*** RECORDED INFORMATION ***
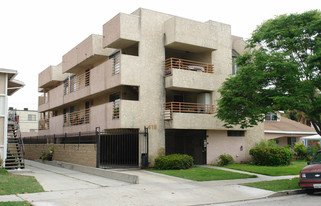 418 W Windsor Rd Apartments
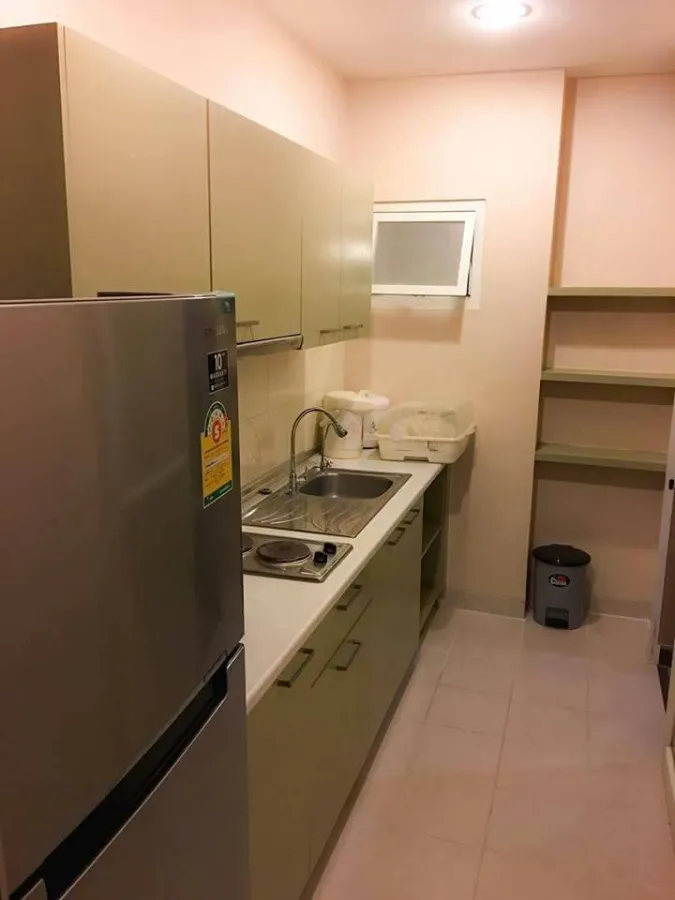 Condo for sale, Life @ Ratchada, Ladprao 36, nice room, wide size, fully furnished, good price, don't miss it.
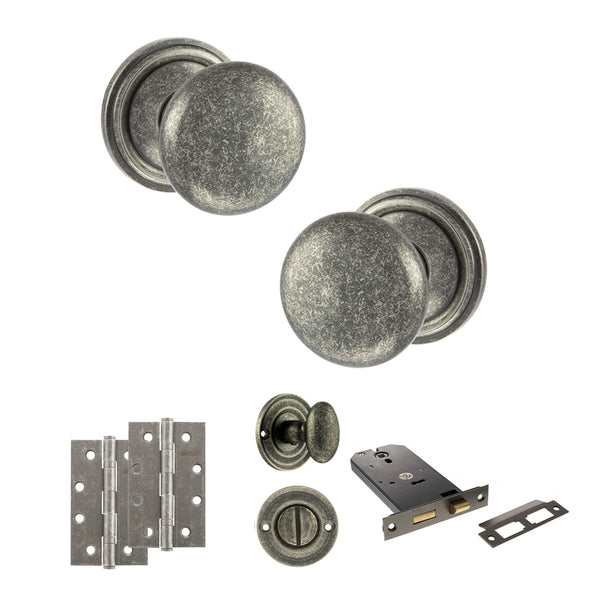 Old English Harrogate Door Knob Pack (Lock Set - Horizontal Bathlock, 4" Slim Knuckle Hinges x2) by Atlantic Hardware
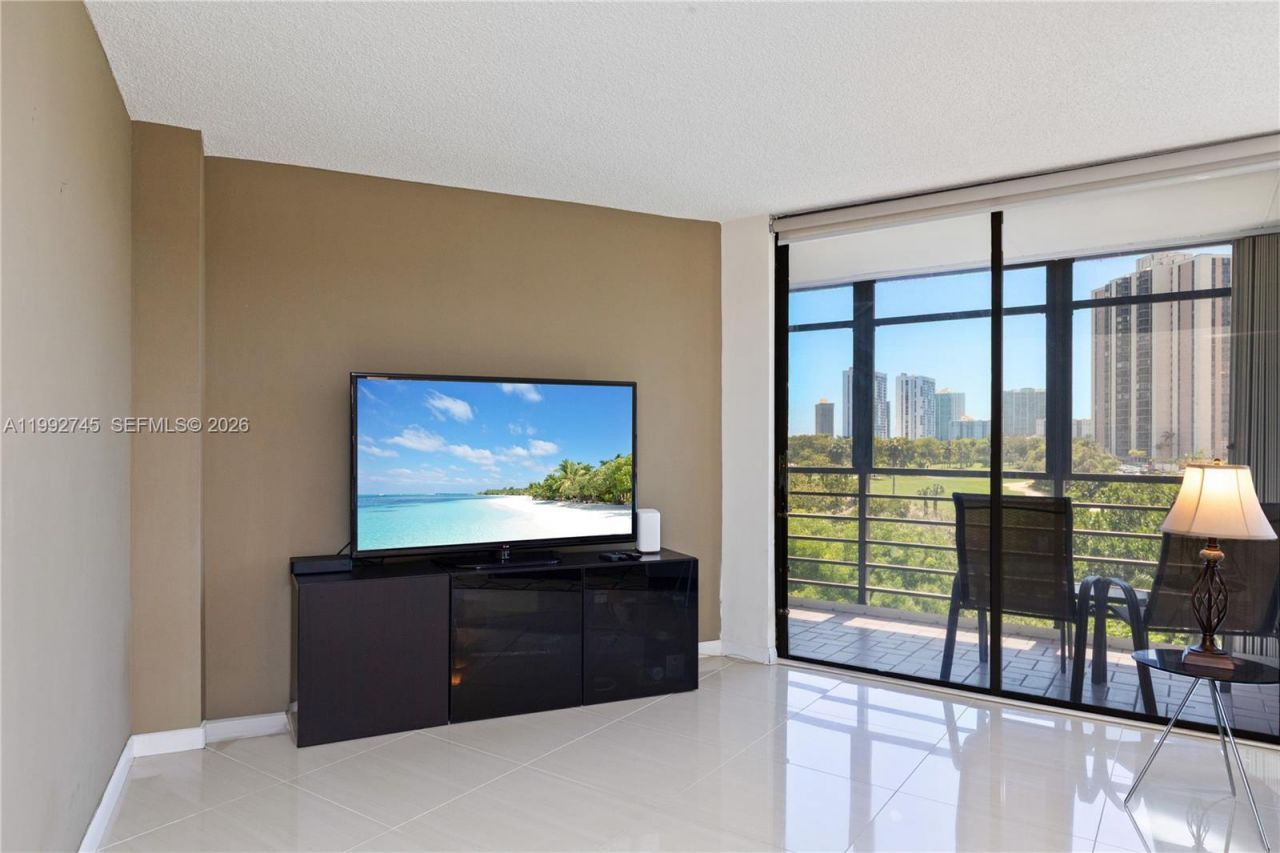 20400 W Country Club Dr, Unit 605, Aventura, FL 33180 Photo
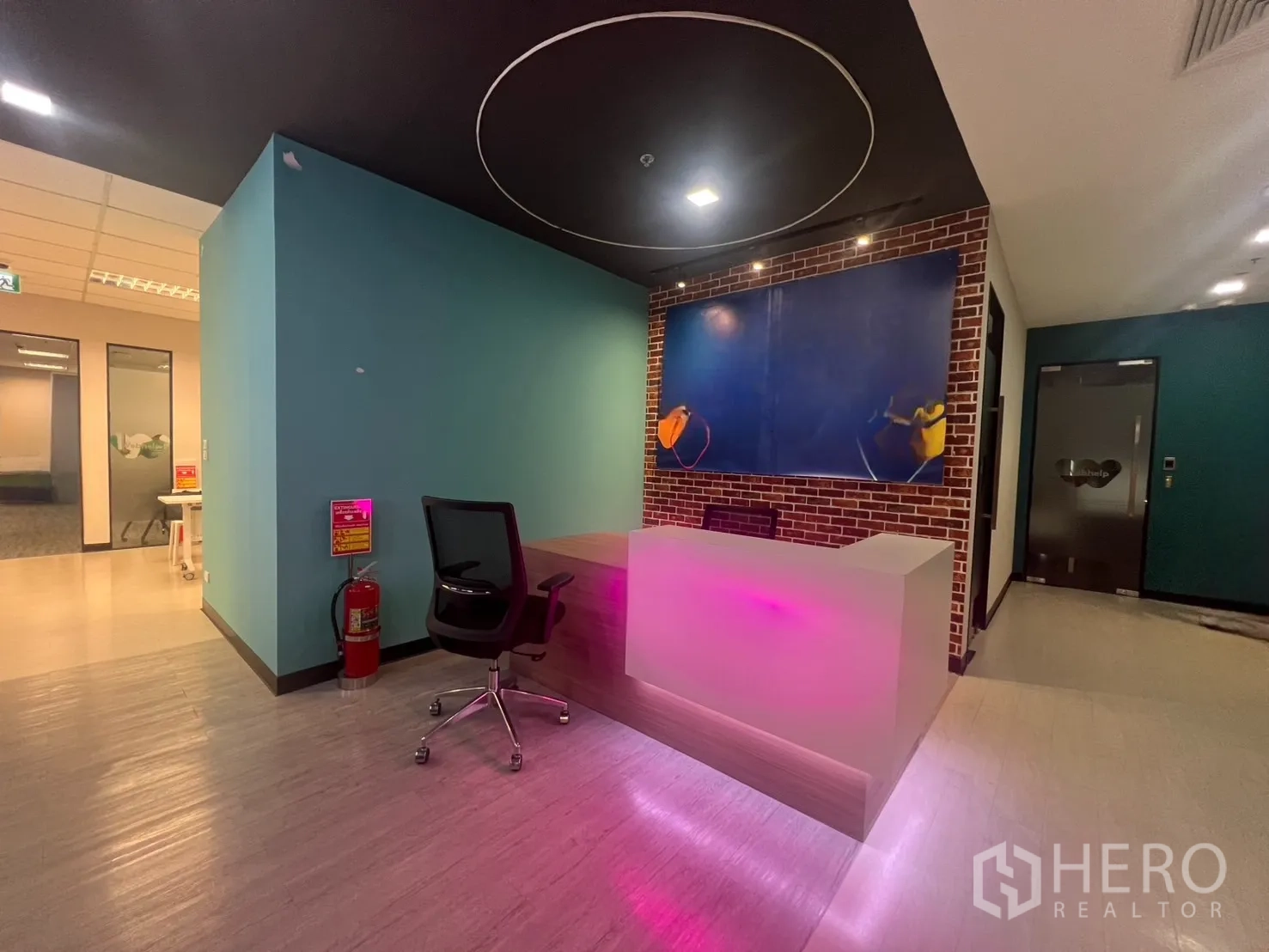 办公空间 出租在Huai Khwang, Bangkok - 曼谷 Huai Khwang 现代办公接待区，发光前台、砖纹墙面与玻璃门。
***
*** RECORDED INFORMATION ***
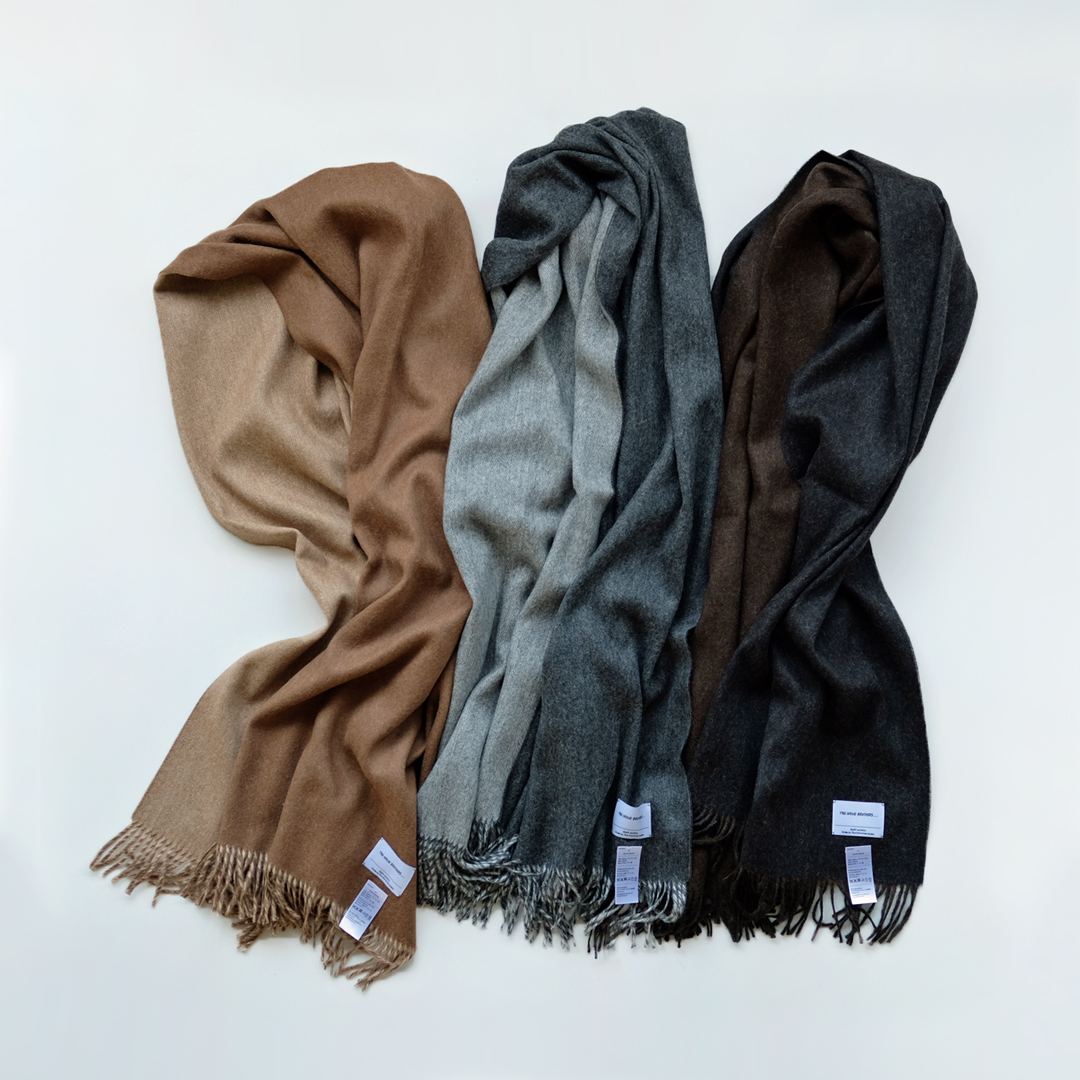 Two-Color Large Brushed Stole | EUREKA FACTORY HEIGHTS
***
§ **BRIEF**:
Copy the lines above exactly, starting at the one with "20400 W Country" and ending at the one with "办公空间 出租在Huai Khwang, Bangkok", both included. Leave out any pictures and add nothing else.

§ **ANSWER FOR THE TASK**:
 20400 W Country Club Dr, Unit 605, Aventura, FL 33180 Photo
 办公空间 出租在Huai Khwang, Bangkok - 曼谷 Huai Khwang 现代办公接待区，发光前台、砖纹墙面与玻璃门。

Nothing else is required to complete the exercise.